Every picture is to be removed, and all the data is to be copied exactly.

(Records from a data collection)
※

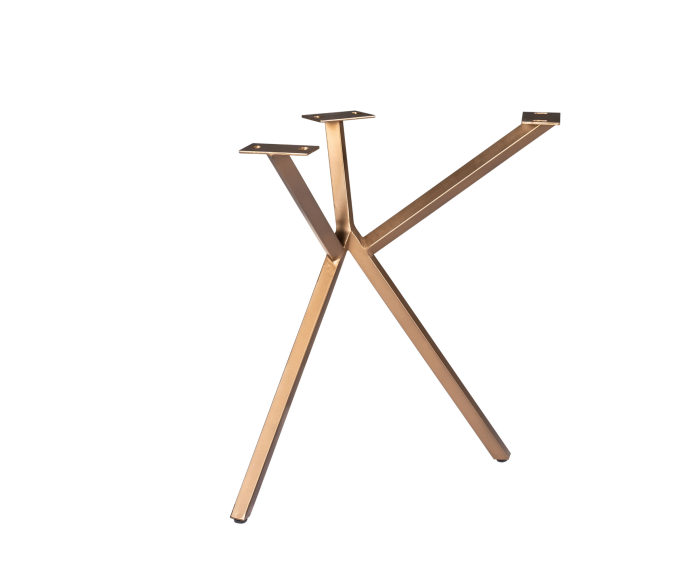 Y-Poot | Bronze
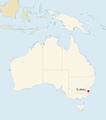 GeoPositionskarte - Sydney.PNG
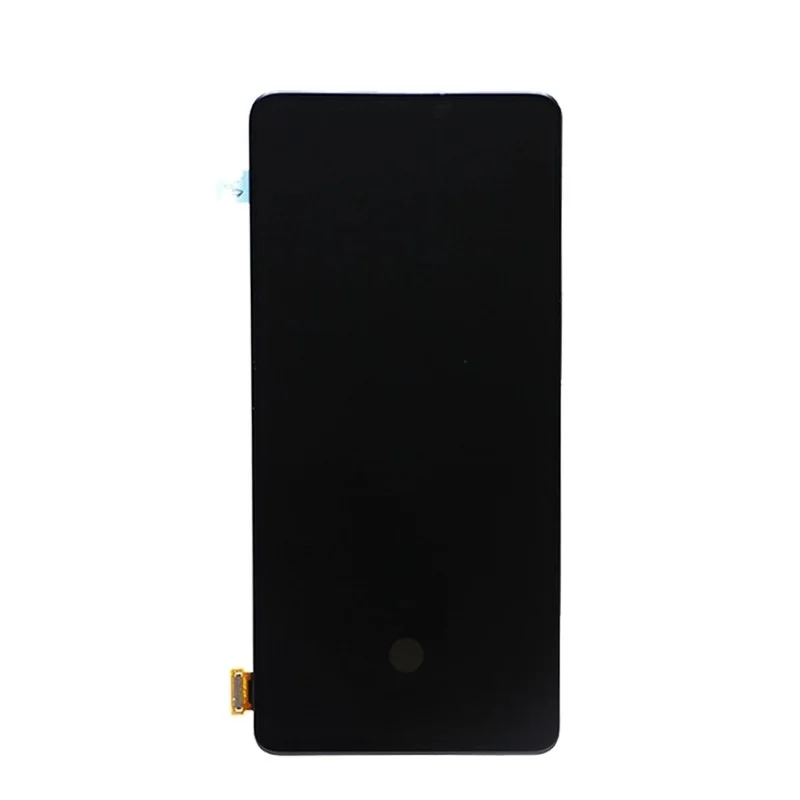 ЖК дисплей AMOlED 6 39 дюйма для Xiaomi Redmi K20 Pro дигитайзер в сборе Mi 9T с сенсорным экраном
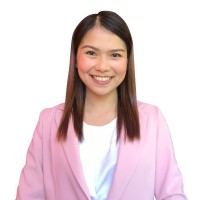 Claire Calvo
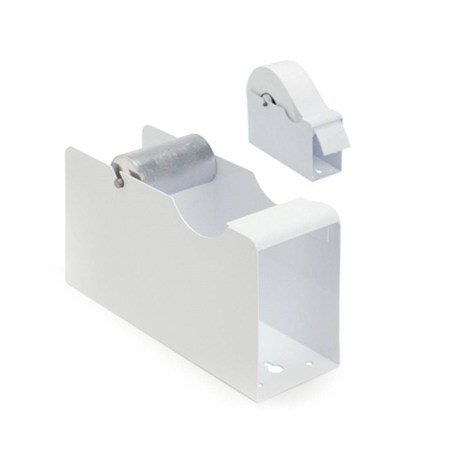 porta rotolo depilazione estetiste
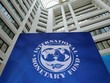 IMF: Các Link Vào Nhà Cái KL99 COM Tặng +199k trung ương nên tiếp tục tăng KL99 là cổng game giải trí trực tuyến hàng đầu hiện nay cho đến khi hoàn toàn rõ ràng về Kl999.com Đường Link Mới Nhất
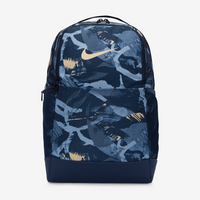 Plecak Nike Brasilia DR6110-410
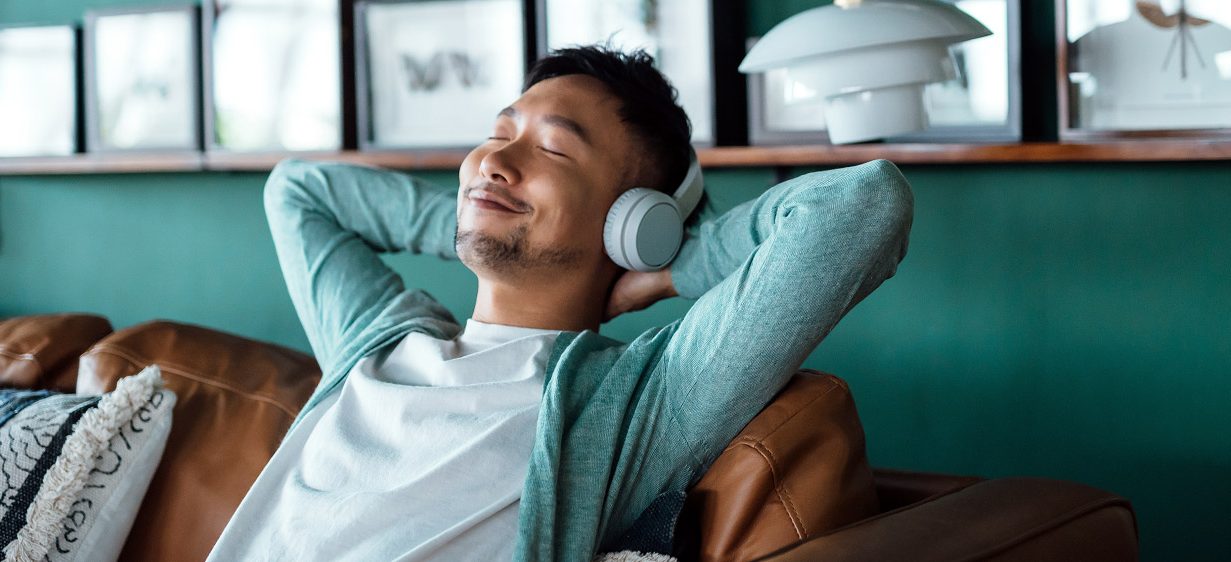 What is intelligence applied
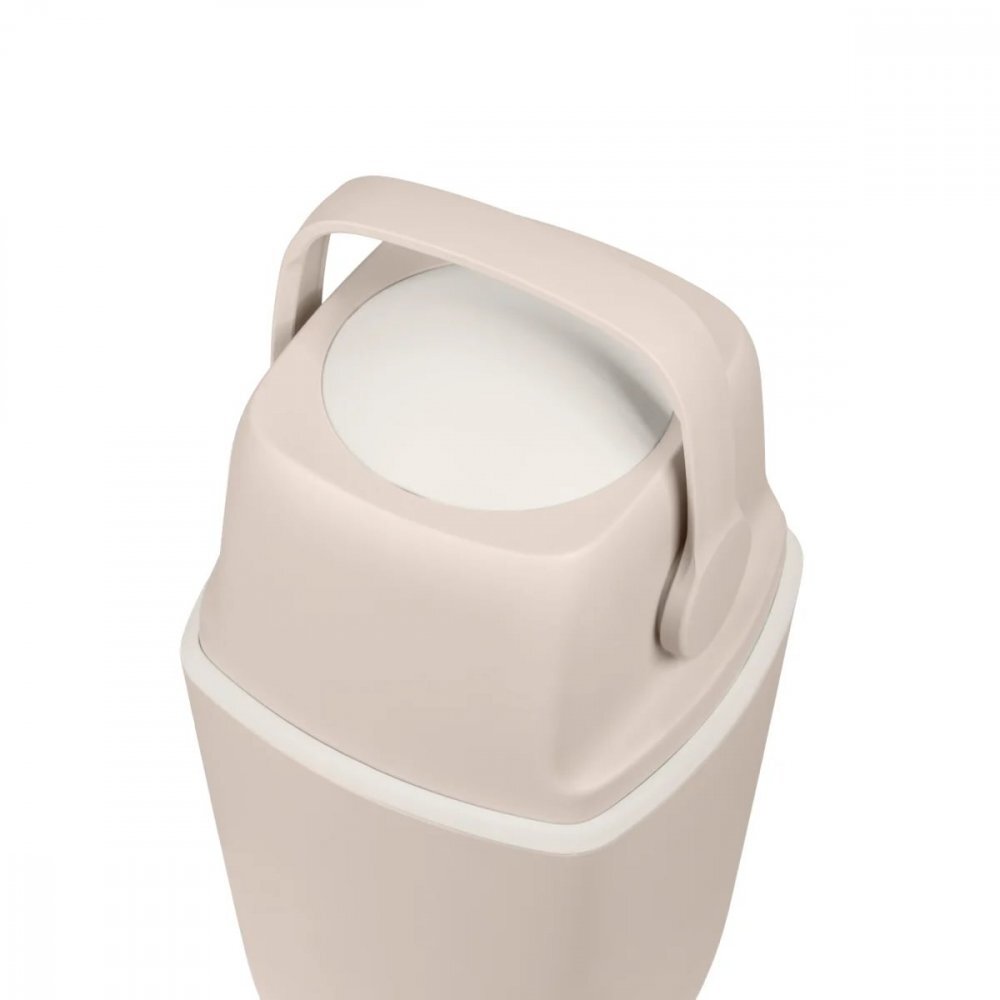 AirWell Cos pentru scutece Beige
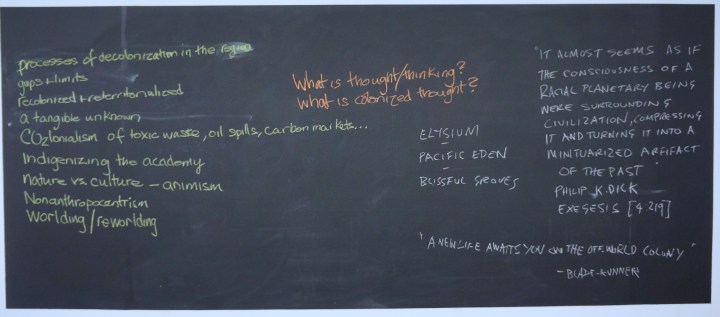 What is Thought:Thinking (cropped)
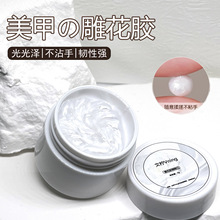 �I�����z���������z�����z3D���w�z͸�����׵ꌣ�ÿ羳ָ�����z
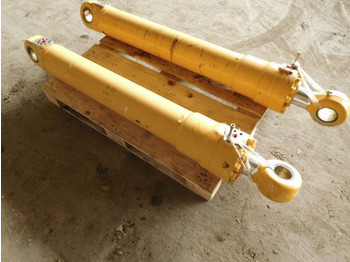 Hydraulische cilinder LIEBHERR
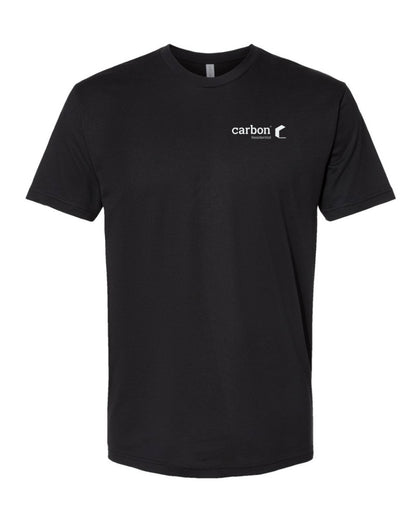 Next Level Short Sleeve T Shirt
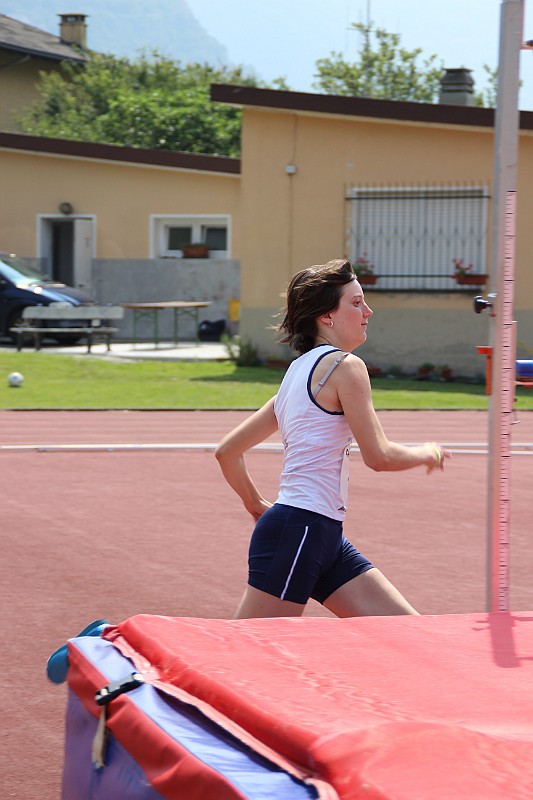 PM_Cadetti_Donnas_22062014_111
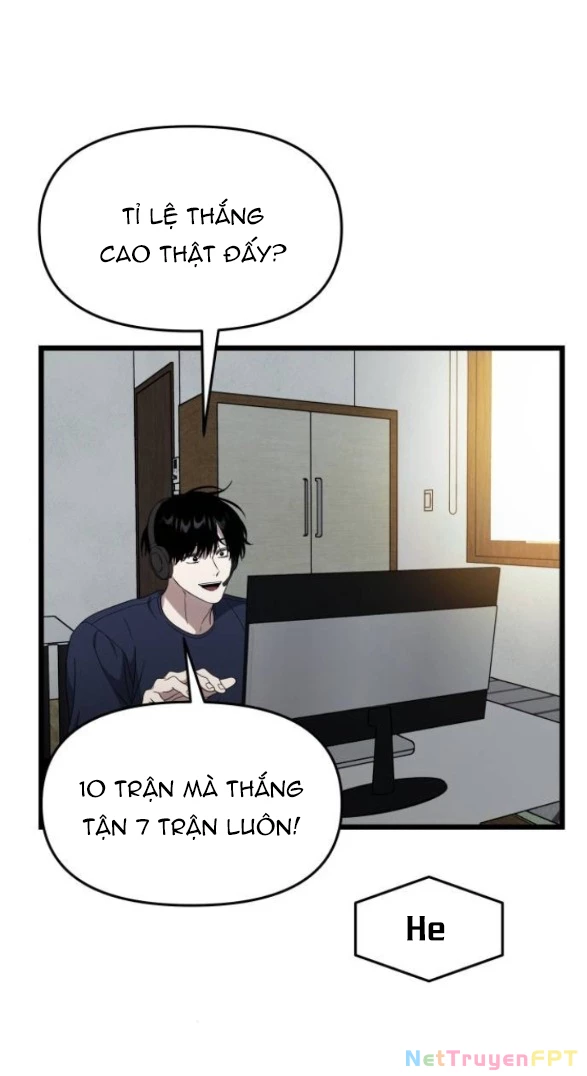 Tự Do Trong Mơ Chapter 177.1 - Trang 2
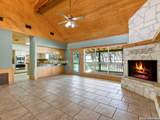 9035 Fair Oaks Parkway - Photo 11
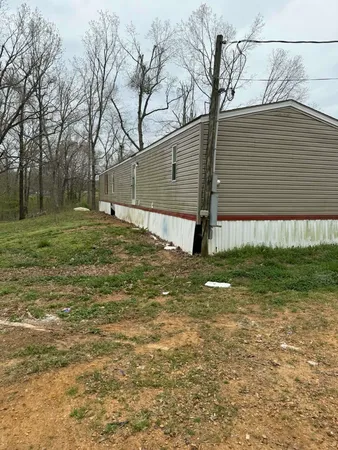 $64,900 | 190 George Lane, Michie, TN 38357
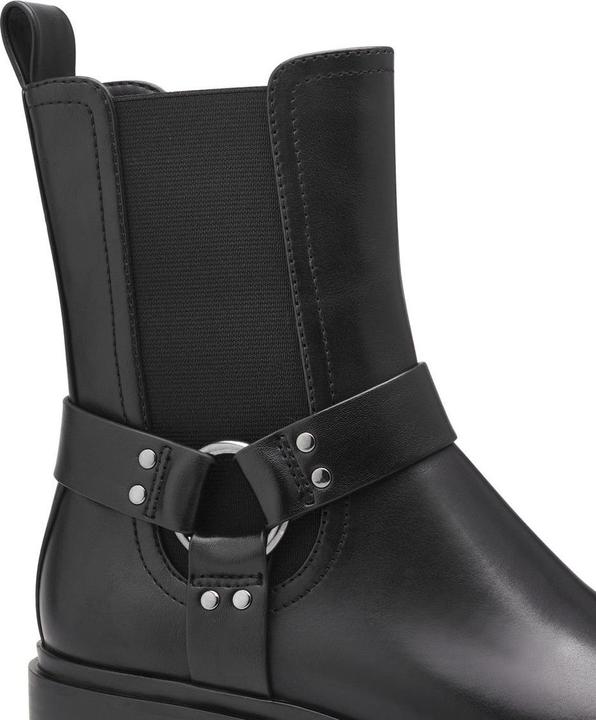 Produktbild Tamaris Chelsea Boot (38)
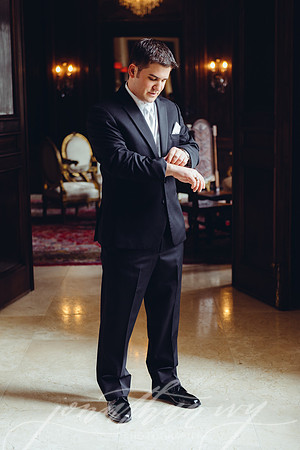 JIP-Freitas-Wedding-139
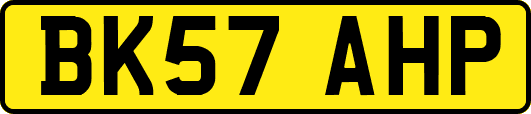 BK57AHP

※

WRITTEN ANSWER:
 Y-Poot | Bronze
 GeoPositionskarte - Sydney.PNG
 ЖК дисплей AMOlED 6 39 дюйма для Xiaomi Redmi K20 Pro дигитайзер в сборе Mi 9T с сенсорным экраном
 Claire Calvo
 porta rotolo depilazione estetiste
 IMF: Các Link Vào Nhà Cái KL99 COM Tặng +199k trung ương nên tiếp tục tăng KL99 là cổng game giải trí trực tuyến hàng đầu hiện nay cho đến khi hoàn toàn rõ ràng về Kl999.com Đường Link Mới Nhất
 Plecak Nike Brasilia DR6110-410
 What is intelligence applied
 AirWell Cos pentru scutece Beige
 What is Thought:Thinking (cropped)
 �I�����z���������z�����z3D���w�z͸�����׵ꌣ�ÿ羳ָ�����z
 Hydraulische cilinder LIEBHERR
 Next Level Short Sleeve T Shirt
 PM_Cadetti_Donnas_22062014_111
 Tự Do Trong Mơ Chapter 177.1 - Trang 2
 9035 Fair Oaks Parkway - Photo 11
 $64,900 | 190 George Lane, Michie, TN 38357
 Produktbild Tamaris Chelsea Boot (38)
 JIP-Freitas-Wedding-139
 BK57AHP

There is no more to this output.